### THE PROBLEM
Print nothing except the line holding "2023年山东烟台专升本考试科目" and the lines that come after it in the material below, and leave the pictures out.

*** Opening SOURCE RECORDS ***

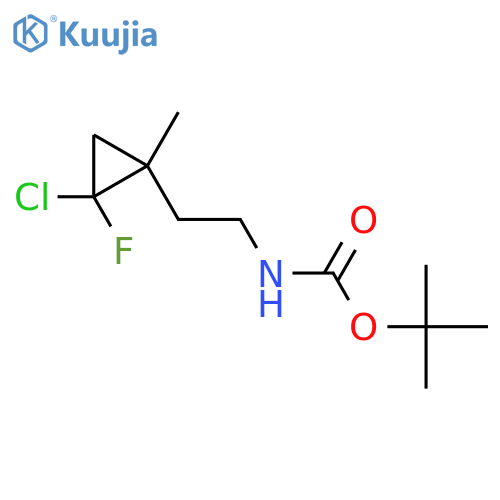 tert-butyl N-[2-(2-chloro-2-fluoro-1-methylcyclopropyl)ethyl]carbamate structure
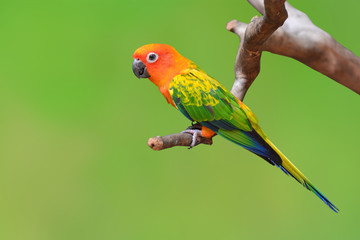 Sun Conure bird
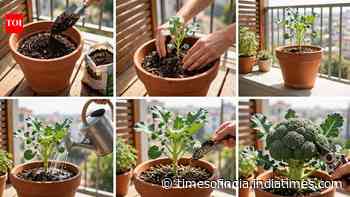 How to grow broccoli in a pot at home with simple steps and healthy plant care tips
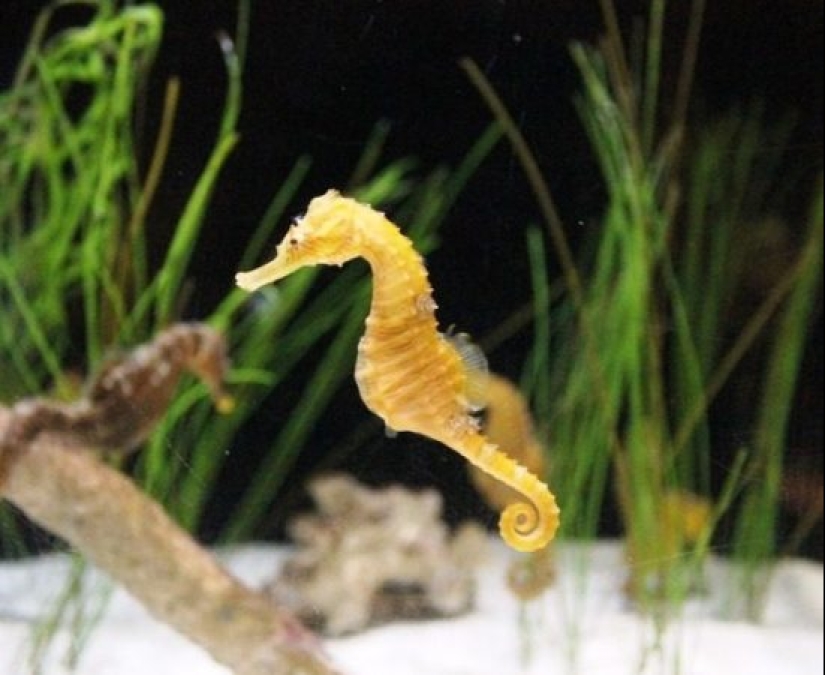 Test yourself: interesting questions about animals with answers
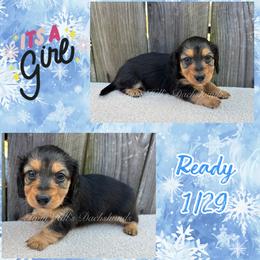 Light Blue - Black and tan female Dachshund puppy in Jonesboro, Illinois from Twin Hills Dachshunds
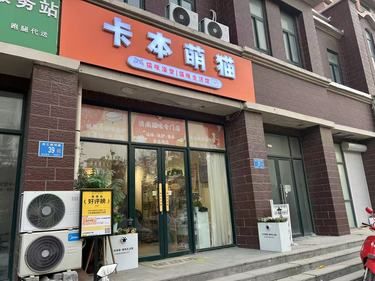 宠物店的暖心事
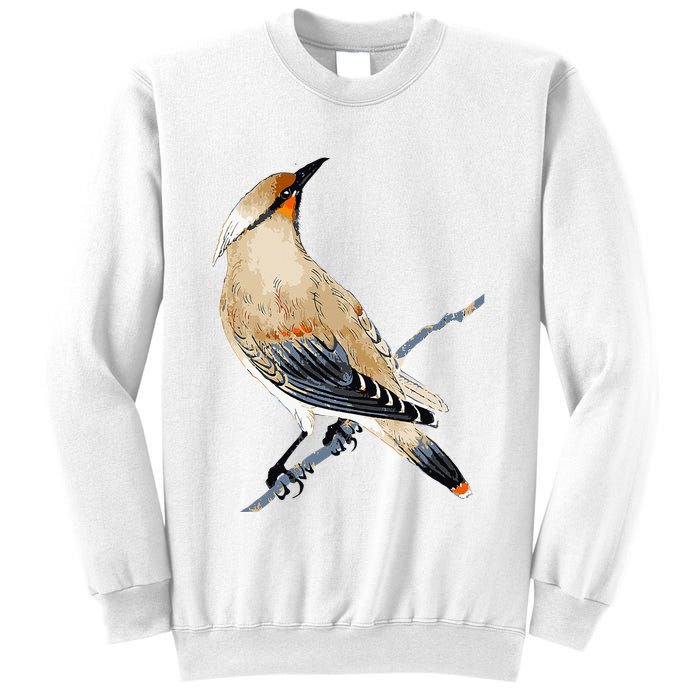 Cedar Waxwing Bird Ornithology Beautiful Songbird Sweatshirt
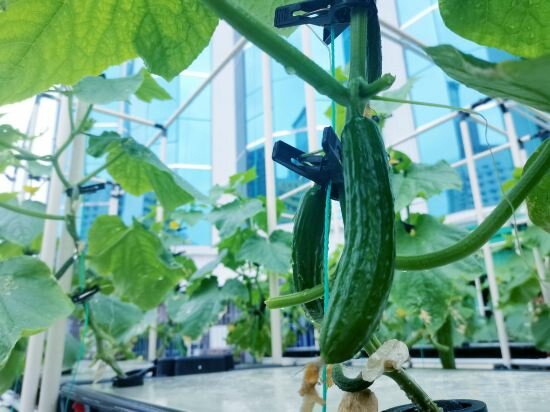 Фото Shenzhen Shanghai Hotel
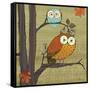 Awesome Owls I-Paul Brent-Framed Stretched Canvas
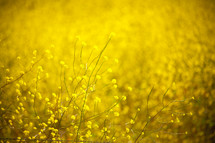 Field of yellow wildflowers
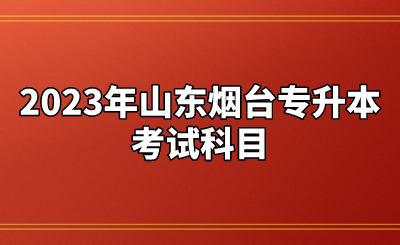 2023年山东烟台专升本考试科目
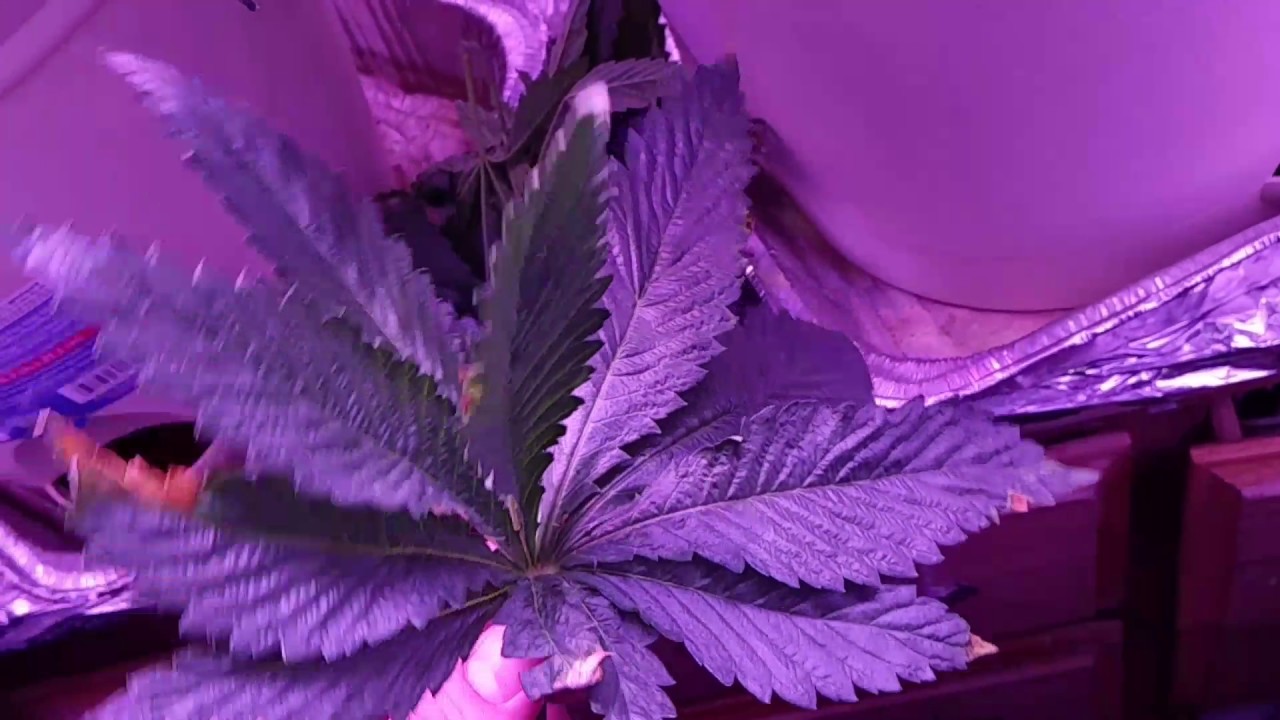 15 leaf Cannabis fan leaf freak YouTube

*** Closing SOURCE RECORDS ***

### WRITTEN SOLUTION
 2023年山东烟台专升本考试科目
 15 leaf Cannabis fan leaf freak YouTube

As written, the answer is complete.